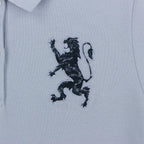 Women's Cotton Lycra 3D Lion Embroidery Polo S - Shop Giordano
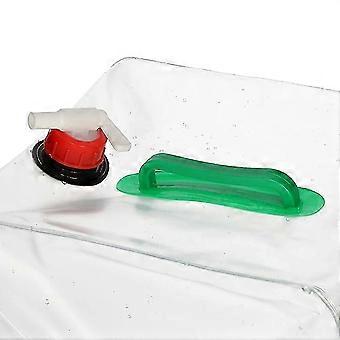 Set Of 4 Foldable Water Canisters With Handle And Pouring Tap 20 L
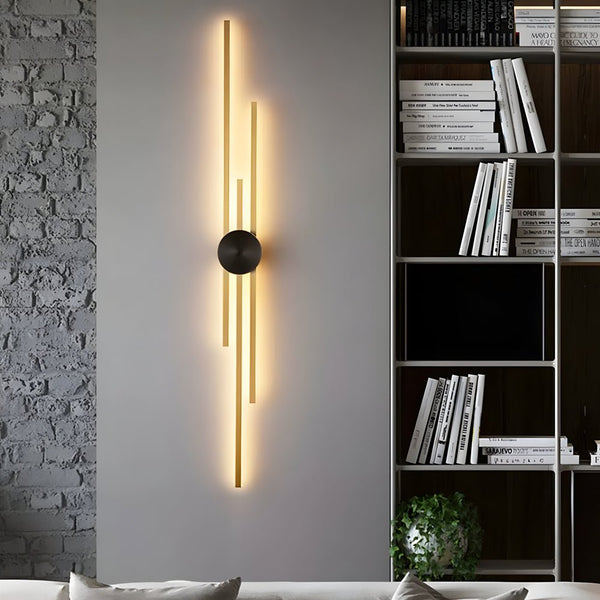 Modern Minimalist Linear Wall Lamp - Sleek Metal Design in 2 Colors for Contemporary Spaces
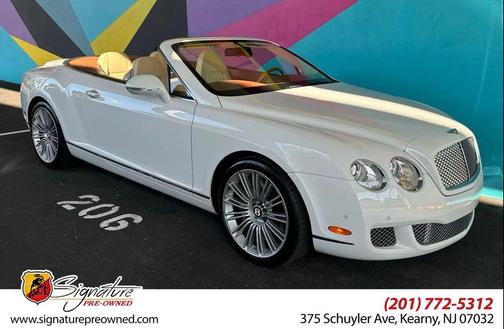 White 2010 Bentley Continental GTC Speed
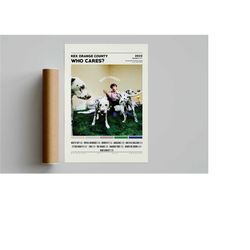 rex orange county posters / who cares poster, tracklist album cover poster, print wall art, custom poster, rex orange co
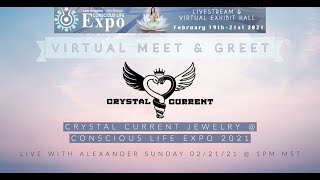 CRYSTAL CURRENT JEWELRY AT VIRTUAL CONCIOUS LIFE EXPO 2021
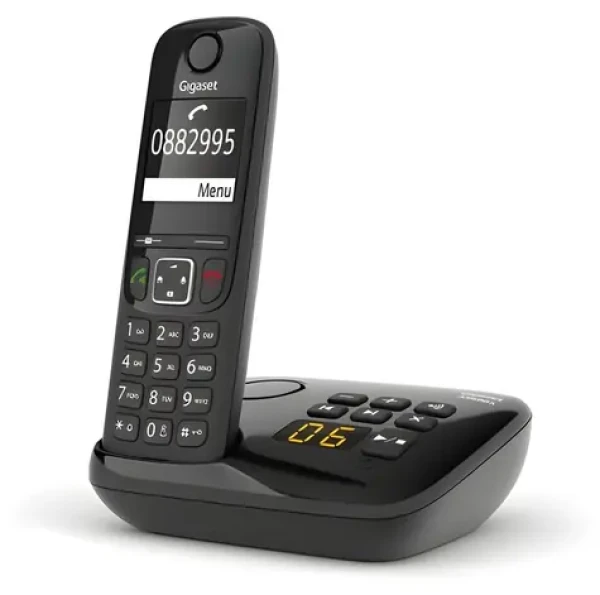 Gigaset AS690A čierna / Bezdrôtový telefón / so záznamníkom / DECT / telefónny zoznam 100 čísel (S30852-H2836-C101)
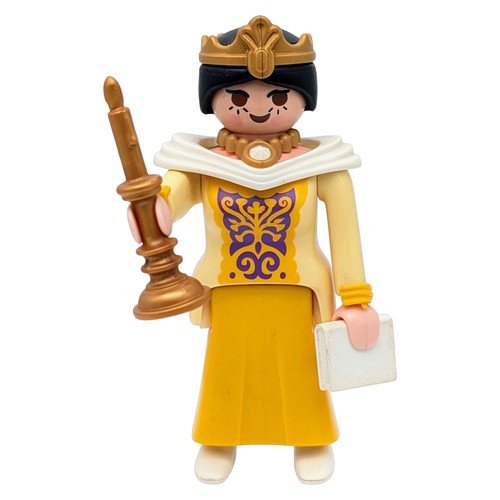 Playmobil femme robe jaune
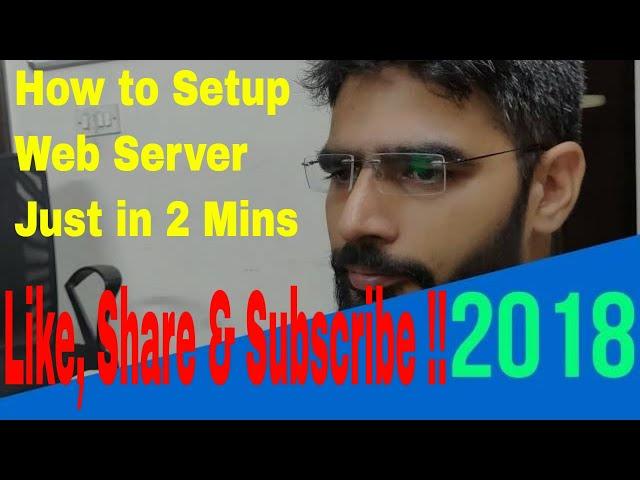 How To Setup Web Server in 2 min From ServerGyan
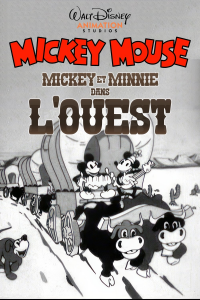 Mickey et Minnie dans l'Ouest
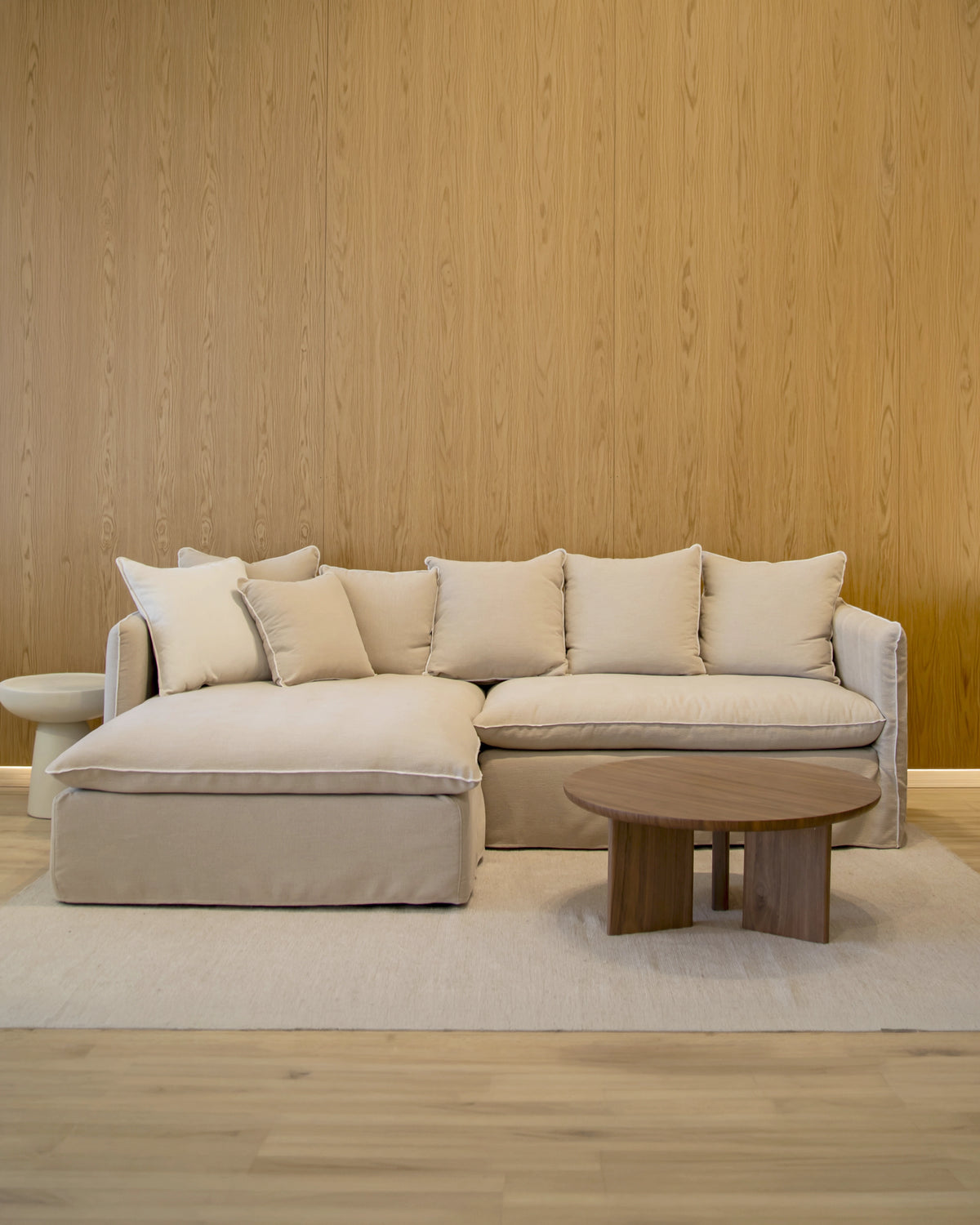 Sofá 4 plazas chaise longue colores personalizables modular grande París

────────

[Exercise objective]: Make an exact copy of the lines of the records from the line containing "rex orange county" through the final line, both ends included, but not of the pictures.

[Exercise output]:
 rex orange county posters / who cares poster, tracklist album cover poster, print wall art, custom poster, rex orange co
 CRYSTAL CURRENT JEWELRY AT VIRTUAL CONCIOUS LIFE EXPO 2021
 Gigaset AS690A čierna / Bezdrôtový telefón / so záznamníkom / DECT / telefónny zoznam 100 čísel (S30852-H2836-C101)
 Playmobil femme robe jaune
 How To Setup Web Server in 2 min From ServerGyan
 Mickey et Minnie dans l'Ouest
 Sofá 4 plazas chaise longue colores personalizables modular grande París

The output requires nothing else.